Или слыхали об «Анне Карениной-2»? Она спаслась. Осталась, правда, без ноги, голова в гипсе. Виктюк хотел это ставить. Я сказал: «Ставь». Спросил, кто будет играть Каренину. Он сказал: «Аросева». Я говорю: «Ты только ей скажи. Опиши, как она выглядеть будет». У нас так все и завяло. Поставили в другом театре.
Чего я только не сыграл в Театре сатиры! Не сыграл Остапа Бендера, хотя все прогрессивное театральное человечество до сих пор считает, что сыграть его я должен был обязательно. Даже Леонид Гайдай, который перепробовал на роль Остапа Бендера половину мужского населения России, признавался мне, что жалеет о несостоявшемся нашем романе, а Марк Захаров снимал Андрея Миронова в роли Остапа с моей личной трубкой в зубах и с моим тусклым блеском в глазах, как говорил мне Андрей.
Не сыграл я сначала Ставрогина, а потом Верховенского-старшего в «Бесах» Достоевского, к которым пару раз подступался Валентин Николаевич Плучек.
Не сыграл я Кречинского, зыбкую мечту моей актерской судьбы, хотя вроде бы годился для этого, и, как с возмущением рассказывал мне покойный Владимир Кенигсон, сыгравший Кречинского в Малом театре, на репетициях спектакля Леонид Хейфец призывал его: «Ничего не делайте, играйте Ширвиндта». Проще было бы взять на эту роль первоисточник.
Была попытка воссоздать Кречинского на сцене Театра сатиры.

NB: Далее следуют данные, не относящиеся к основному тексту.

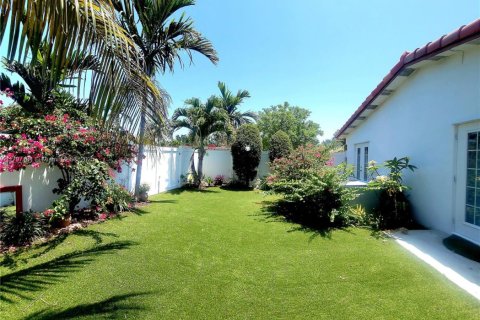 Снять в аренду виллу или дом в Лайтхаус-Пойнт, Флорида 3 спальни, 189.89м2, № 1728411 - фото 13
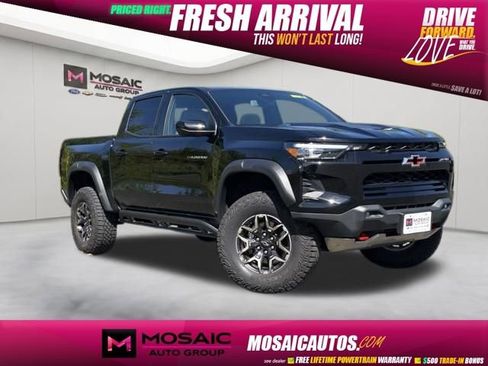 Used 2024 Chevrolet Colorado ZR2 w/ Technology Package AWD/4WD image 1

Семижильный Михаил Козаков сам написал инсценировку – помесь Сухово-Кобылина и Колкера под названием «Игра». Этот спектакль мы целиком сыграли в репетиционном зале, но волею судеб – а судьбами в театре вершат эмоции, амбиции и опасность успеха пришлых художников – на зрителя мы так и не вышли, к большому горю моему и Спартака Мишулина, интересно репетировавшего Расплюева.
В спектакле «Клеменс» по литовской пьесе в переводе Григория Горина
В своей книжке Марк Захаров написал, что «Ширвиндт, наверное, все-таки не артист… Тем более не режиссер. Если спросить, кто он такой, отвечу, что профессия у него уникальная. Он – Ширвиндт». Марк, выпустив книжку, позвонил узнать, как я отнесся. А как я отнесся?! Хамские, конечно, строчки, но он прав. Нет во мне этой лицедейской страсти. Есть актеры патологические, физиологические. Они не могут не играть. И есть актеры, ставшие таковыми, ну, в силу обстоятельств, что ли. Я из вторых. Хотя первым всегда завидовал. Вот покойный Владимир Басов – замечательный режиссер, а не мог не играть. Включишь телевизор, а он в какой-нибудь детской передаче под кочкой сидит – и счастлив. Хоть водяного, хоть лешего, хоть кота, хоть сморчка озвучивать. Табаков такой, Гафт. Миронов таким был. А я играть ведь не очень люблю. Репетиции люблю, премьеры. А вот выходить на сцену в сотом спектакле – скучно. Иногда я думаю, что все-таки с профессией не угадал.
Но был один драматически не сложившийся поворот моей профессиональной жизни, и связан он с Олегом Ефремовым. Несбывшаяся великая мечта. Несбывшийся театр.
Когда нависла угроза сноса «Современника» – не как коллектива, а как дома на площади Маяковского у гостиницы «Пекин», – перед Ефремовым замаячила возможность переселиться в Театр киноактера на улицу Воровского. Мечта овладела Олегом, он меня вызвал в ресторан, и под литра полтора выпитой водки мы провели свой «Славянский базар», доведенный до абсурда. Он залетал в гибельные выси, силой своей жуткой убедительности рисуя мне картину единственного в мире театра, где внизу, на большой сцене, он, Олег, будет творить свое, вечно живое, глубоко мхатовское, а я наверху, в уютном маленьком зальчике, буду заниматься своей «х…ней».
«Открываемся двумя сценами, – мечтал он. – Внизу, на основной сцене, «Вечно живые». А вверху ты, со своей…»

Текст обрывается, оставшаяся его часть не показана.